Hope you love making and eating these too! If you try them please let me know your feedback in the comment section.
Lemon Poppy Seed Cut Out Cookie Recipe
- 2 cups unsalted butter, room temperature
- 2 cups granulated sugar
- 2 large eggs
- 1 tbsp lemon extract
- 1 tsp vanilla extract
- 1 tbsp poppy seeds
- 5 cups all-purpose flour
- 1 tsp salt
Cream the butter and sugar together in the bowl of an electric mixer on low speed, using the paddle attachment. Mix until thoroughly incorporated – for about one minute. Scrape down the sides of the bowl with a plastic spatula and mix again for a few seconds more. Over mixing the butter and sugar in this step will cause too much air to be incorporated into the dough. If you'd like a light and fluffy cookie, that's ideal, however the dough will spread more during baking; not ideal if you'd like the cookie to hold its shape.
Add eggs slowly and mix. Scrape down the bowl with your spatula at least once and mix again. Add lemon and vanilla extract. Stir. Add poppy seeds and mix to incorporate.
Sift your dry ingredients together. (Flour and salt). Add all of the flour mixture to the bowl. Place a large tea towel between the edge of the bowl and the electric mixer so that the flour won't escape. Mix on low speed for 30 seconds. Remove the tea towels and observe the dough mixing; when the dough clumps around the paddle attachment and peels away from the sides of the mixer, it is ready. You can also test the dough by pinching it between your thumb and index finger. If it’s soft but not sticky, it’s just right. If it’s too sticky when you pinch it between your fingers, add flour, ¼ cup at a time, and mix until you’re happy with the texture.

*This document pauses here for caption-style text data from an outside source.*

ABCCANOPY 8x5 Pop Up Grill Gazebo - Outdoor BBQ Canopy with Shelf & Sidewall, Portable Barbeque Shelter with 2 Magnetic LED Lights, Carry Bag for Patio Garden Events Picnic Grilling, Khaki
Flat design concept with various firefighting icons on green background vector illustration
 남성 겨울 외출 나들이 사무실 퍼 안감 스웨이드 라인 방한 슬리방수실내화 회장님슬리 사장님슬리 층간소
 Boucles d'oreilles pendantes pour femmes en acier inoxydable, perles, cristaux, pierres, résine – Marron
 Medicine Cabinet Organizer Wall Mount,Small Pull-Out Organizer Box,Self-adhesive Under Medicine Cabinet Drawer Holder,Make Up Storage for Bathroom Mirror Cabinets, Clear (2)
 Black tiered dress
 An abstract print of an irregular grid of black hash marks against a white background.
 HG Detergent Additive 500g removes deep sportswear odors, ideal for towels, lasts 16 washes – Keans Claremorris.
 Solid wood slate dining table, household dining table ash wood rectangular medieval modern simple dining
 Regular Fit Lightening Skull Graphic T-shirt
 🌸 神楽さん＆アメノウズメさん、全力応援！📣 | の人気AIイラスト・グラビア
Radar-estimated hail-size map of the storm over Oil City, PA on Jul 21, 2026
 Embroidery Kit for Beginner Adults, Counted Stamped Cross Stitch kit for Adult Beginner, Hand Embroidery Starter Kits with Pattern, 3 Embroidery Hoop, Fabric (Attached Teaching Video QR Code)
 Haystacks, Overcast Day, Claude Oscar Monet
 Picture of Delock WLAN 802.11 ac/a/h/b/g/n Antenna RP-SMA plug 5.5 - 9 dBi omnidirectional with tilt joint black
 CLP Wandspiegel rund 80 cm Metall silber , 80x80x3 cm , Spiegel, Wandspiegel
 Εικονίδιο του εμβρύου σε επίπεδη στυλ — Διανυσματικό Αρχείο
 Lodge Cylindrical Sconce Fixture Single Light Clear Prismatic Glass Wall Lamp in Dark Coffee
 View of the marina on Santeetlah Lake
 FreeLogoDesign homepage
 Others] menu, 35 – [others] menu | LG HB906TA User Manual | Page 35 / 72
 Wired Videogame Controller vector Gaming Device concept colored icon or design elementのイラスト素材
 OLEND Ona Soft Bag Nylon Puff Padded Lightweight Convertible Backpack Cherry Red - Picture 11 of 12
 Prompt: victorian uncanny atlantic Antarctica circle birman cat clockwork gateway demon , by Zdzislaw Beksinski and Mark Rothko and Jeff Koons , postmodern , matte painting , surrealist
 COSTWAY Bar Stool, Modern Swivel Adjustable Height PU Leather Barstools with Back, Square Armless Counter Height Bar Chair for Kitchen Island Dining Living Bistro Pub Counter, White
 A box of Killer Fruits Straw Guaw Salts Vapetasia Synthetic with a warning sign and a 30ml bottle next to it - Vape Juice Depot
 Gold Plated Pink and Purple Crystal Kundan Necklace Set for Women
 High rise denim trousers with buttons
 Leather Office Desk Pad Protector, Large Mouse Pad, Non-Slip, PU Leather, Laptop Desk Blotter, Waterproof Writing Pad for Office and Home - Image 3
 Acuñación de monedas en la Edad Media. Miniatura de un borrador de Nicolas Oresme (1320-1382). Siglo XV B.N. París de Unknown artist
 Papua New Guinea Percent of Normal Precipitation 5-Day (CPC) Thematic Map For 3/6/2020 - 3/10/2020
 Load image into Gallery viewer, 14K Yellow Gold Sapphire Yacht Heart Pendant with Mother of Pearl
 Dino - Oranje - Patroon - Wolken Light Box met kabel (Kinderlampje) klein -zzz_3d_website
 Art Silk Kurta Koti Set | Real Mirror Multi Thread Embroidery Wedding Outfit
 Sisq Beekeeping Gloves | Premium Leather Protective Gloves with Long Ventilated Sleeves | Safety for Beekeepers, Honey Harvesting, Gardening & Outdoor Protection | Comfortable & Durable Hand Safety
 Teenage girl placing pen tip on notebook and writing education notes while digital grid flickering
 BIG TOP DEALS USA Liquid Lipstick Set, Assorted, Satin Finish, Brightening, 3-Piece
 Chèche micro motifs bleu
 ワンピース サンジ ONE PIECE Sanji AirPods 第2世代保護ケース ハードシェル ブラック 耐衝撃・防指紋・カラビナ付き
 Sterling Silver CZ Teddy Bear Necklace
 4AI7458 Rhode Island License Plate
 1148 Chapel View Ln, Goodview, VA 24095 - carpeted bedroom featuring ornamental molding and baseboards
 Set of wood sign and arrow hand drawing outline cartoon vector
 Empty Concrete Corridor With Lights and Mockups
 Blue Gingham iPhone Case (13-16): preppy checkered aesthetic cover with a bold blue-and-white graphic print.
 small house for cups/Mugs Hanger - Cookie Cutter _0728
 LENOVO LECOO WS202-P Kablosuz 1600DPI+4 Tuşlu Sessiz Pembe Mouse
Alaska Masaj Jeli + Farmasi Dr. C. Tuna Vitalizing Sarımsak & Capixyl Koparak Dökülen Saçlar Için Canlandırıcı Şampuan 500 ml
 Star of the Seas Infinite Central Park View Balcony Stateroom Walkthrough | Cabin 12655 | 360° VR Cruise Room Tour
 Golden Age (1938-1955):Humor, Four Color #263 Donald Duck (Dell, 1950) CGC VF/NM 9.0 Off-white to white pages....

There are various reasons why a dough can be too dry or too sticky, ranging from humidity in the environment, to what kind of flour you use, the fat content of the butter etc., however, there are ways to fix the issues if you run into them. Already mentioned, add flour if your dough is too sticky, and if it’s too dry, make sure you’ve mixed it as best as you can first, and if it’s still too dry, add a little water or milk until your dough comes together.
Roll the dough out between 2 large pieces of parchment paper. Place on a baking sheet and into the fridge or freezer for a minimum of 1 hour.
Cut out cookie shapes. Place on parchment paper-lined baking sheets. Re-roll scraps and repeat. If your dough gets too soft to work with, place in the fridge or freezer periodically to firm up again.
Once all cut out, put cookie dough shapes back into the fridge or freezer for 10 minutes to 1 hour to chill again. They will then hold their shape better when baked.
Preheat your oven to 350°F or 176°C.
Bake cookies for 8-12 minutes or until the edges become golden brown. The baking time will depend on the size of your cookie.
Let cookies cool to room temperature and decorate if you like.